As embarcações usadas neste tipo de viagens eram quase todas pangaios de construção local, ficando a sua condução a cabo dos membros da comunidade muçulmana de marinheiros instalados nas pequenas cidades portuárias situadas em ambos os lados do canal de Moçambique. Eram fretados pelos moradores de Moçambique, levando quase sempre a bordo um ou dois afro-portugueses. O volume dos negócios entre Moçambique e as ilhas impressionou os primeiros visitantes europeus. Em 1591, Sir James Lancaster viu-se obrigado a recorrer aos serviços de um intérprete português na sua visita às Comeres.
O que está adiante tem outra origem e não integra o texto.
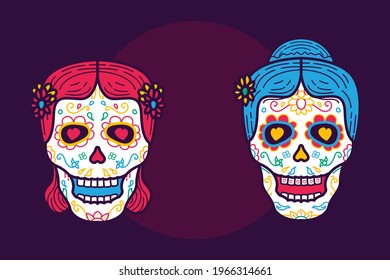 dia de muertos, sugar skull illustration. Premium vector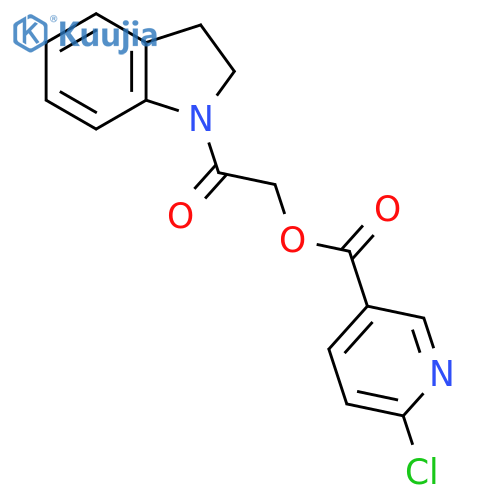 2-(2,3-dihydro-1H-indol-1-yl)-2-oxoethyl 6-chloropyridine-3-carboxylate structure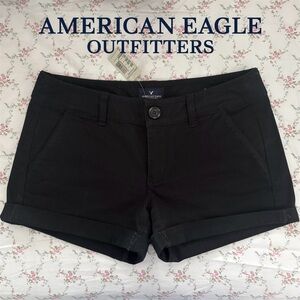 NWT Vintage Y2k American Eagle black low rise mini shorts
Em 1602, um negociante clandestino de origem francesa, Martin de seu nome, encontrou plusieurs individus qui par-laient portuguais, e, ainda no mesmo ano, a frota holandesa de van Spielbergen capturou uma embarcação recheada de mestiços portugueses que transportava arroz, panos e escravos. Por seu turno, em 1615, Sir Thomas Roe teceu alguns comentários relativos aos enormes veleiros usados pêlos Portugueses, tendo dito qualquer coisa sobre "os poucos portugueses que viajavam para Moçambique em embarcações de quarenta toneladas, com as pranchas cosidas ao invés de pregadas, todas elas muito bem equipadas e carregadas de madeira". A situação acabou por ser resumida por François Pyrard, que disse "serem estas ilhas [as Comores] de uma importância vital para Moçambique e os portugueses que aí vivem, já que é delas que partem todos os alimentos que aqueles necessitam".
É bastante provável que os moradores de Moçambique tenham usado o comércio com as Comores e Madagáscar como uma forma de iludir o monopólio do capitão e levar a cabo uma série de transacções clandestinas com os portos do mar Vermelho, do Golfo, e também do norte da índia. Sabe-se que, nos primeiros anos do século XVII, estas ilhas mantinham uma relação comercial intensa com os territórios situados a norte, encarregando-se os veleiros portugueses que partiam de Moçambique de levar as moedas de prata de origem espanhola que eram usadas nas ilhas no intuito de financiar o comércio internacional.